The proposed method requires only vision-based sensing, which has the advantages of GPS independence, low-cost and low weight, passive sensing, and multi-functionality. The inherent scene dependency of vision-based methods is overcome by the augmented state estimation using Kalman filter. As a result, the proposed method can achieve an average distance error of about 2 m after 150 m flight when the terrain is flat and relatively simple. This technique can be used for multiple ground target tracking, where knowledge of the relative motion of the platforms is essential.

The proposed method requires further testing and analysis in more challenging missions, such as high-speed maneuvering flights or long-range flights at the kilometer level. Minimizing scene dependency prior to state estimation also remains a future challenge.

6. Conclusions

A novel frame-to-frame template matching method is proposed. The optimal windows are derived from ray optics principles and the piecewise linear regression model. Multiple templates are obtained by their corresponding optimal windows. Therefore, the templates are scene or object independent, and no additional processes are required for template selection and update.

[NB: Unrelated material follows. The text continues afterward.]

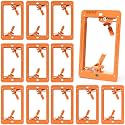 12 Pcs Low Voltage Mounting Bracket for Single Gang Wall Plate
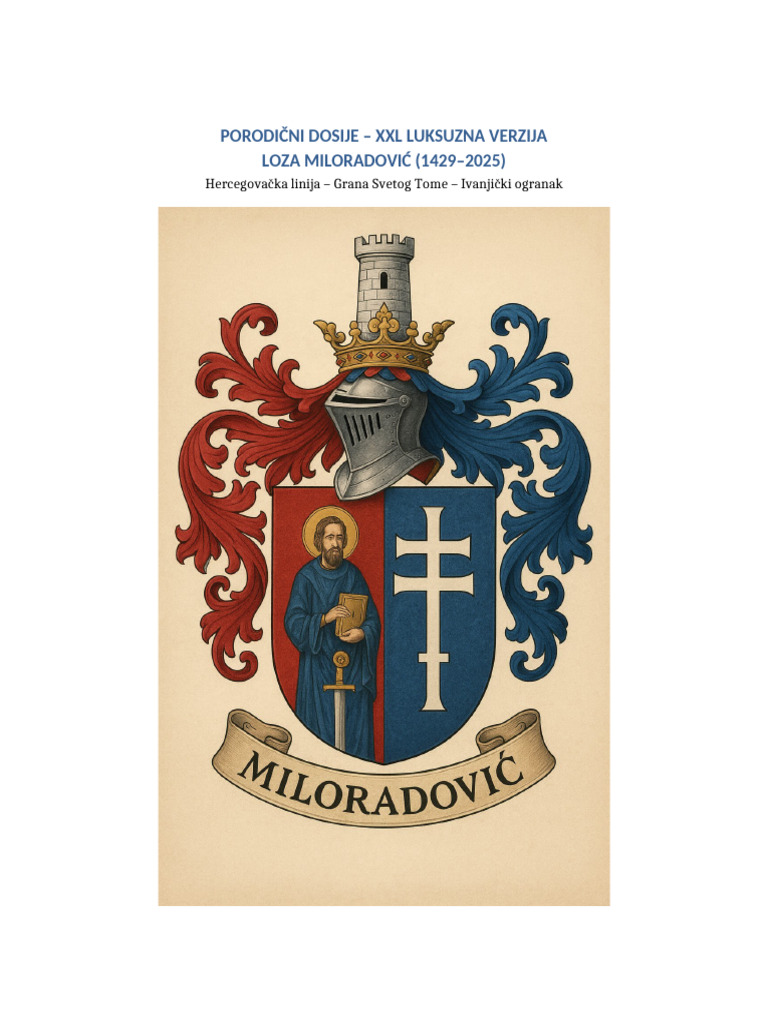 PDF Reader Porodicni Dosije Miloradovic XXL | PDF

The Kalman filter adopts the NCA model, and its state is augmented to estimate the velocity bias of the drone. The zero-order hold method was applied for faster processing. The proposed technique achieves low average flight distance errors even at slow frame matching speeds.

This technique can be useful when external infrastructure is not available such as GPS-denied environments. It could be applied to a variety of fields, including automatic programmed flights or multiple ground target tracking using flying drones, which remains a subject of future research.